Study material START
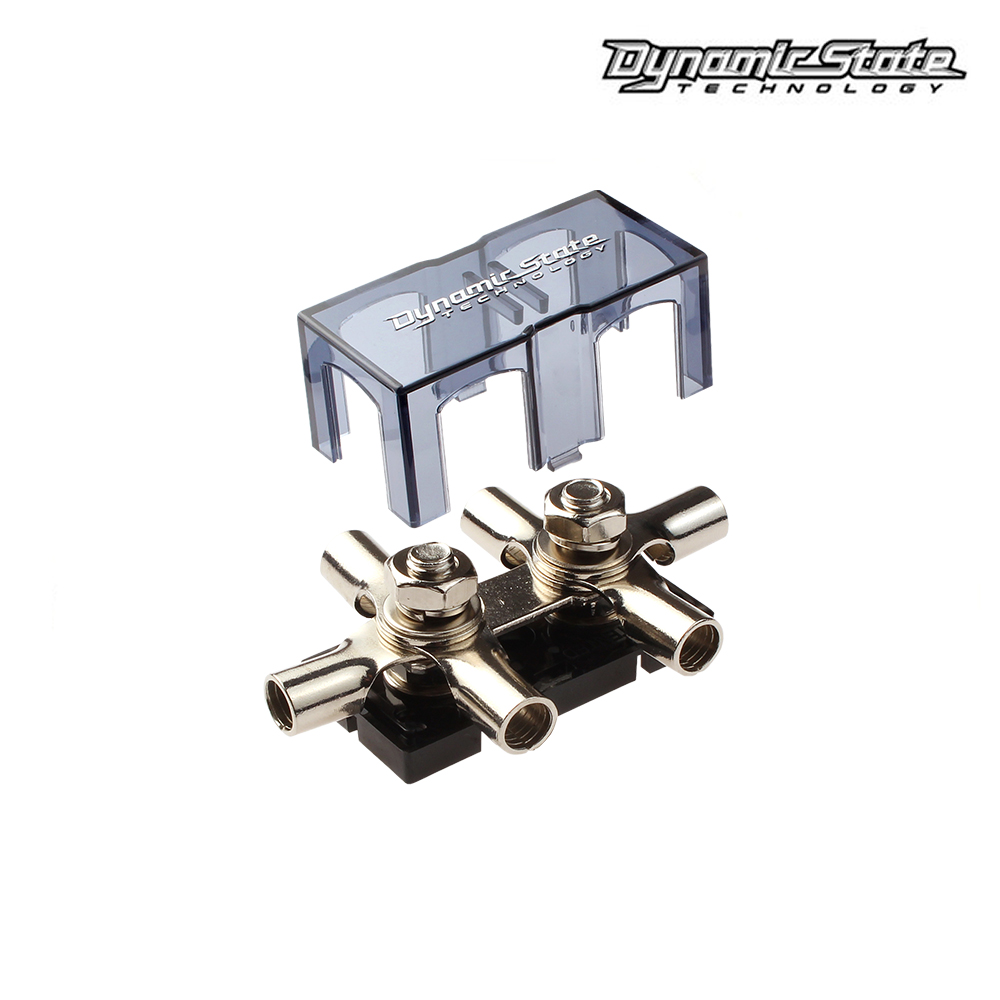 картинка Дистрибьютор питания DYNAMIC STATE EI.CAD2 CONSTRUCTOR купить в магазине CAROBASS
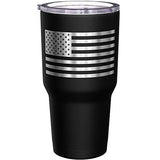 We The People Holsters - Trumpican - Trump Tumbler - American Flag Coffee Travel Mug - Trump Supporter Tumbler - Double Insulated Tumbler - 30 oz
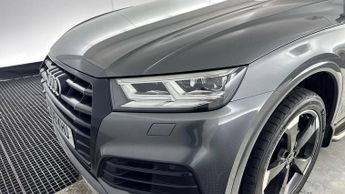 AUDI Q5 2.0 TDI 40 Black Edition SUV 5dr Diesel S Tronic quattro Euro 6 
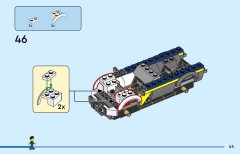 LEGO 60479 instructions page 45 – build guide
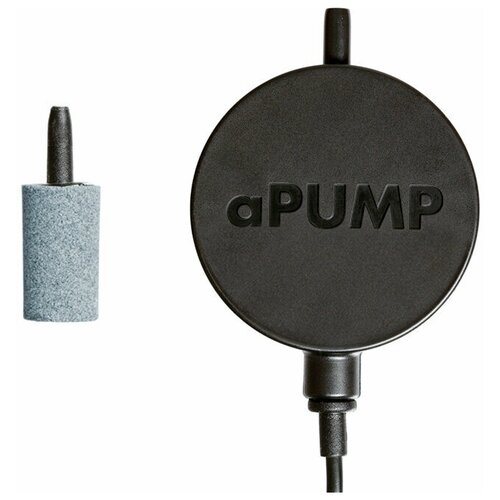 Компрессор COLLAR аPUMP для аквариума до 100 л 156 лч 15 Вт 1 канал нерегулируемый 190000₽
Study material END
- [Directions for this task]
The required result is the entries above, printed exactly from the first line through the line with "LEGO 60479 instructions", pictures excluded.

- [Task result]
 картинка Дистрибьютор питания DYNAMIC STATE EI.CAD2 CONSTRUCTOR купить в магазине CAROBASS
 We The People Holsters - Trumpican - Trump Tumbler - American Flag Coffee Travel Mug - Trump Supporter Tumbler - Double Insulated Tumbler - 30 oz
 AUDI Q5 2.0 TDI 40 Black Edition SUV 5dr Diesel S Tronic quattro Euro 6 
 LEGO 60479 instructions page 45 – build guide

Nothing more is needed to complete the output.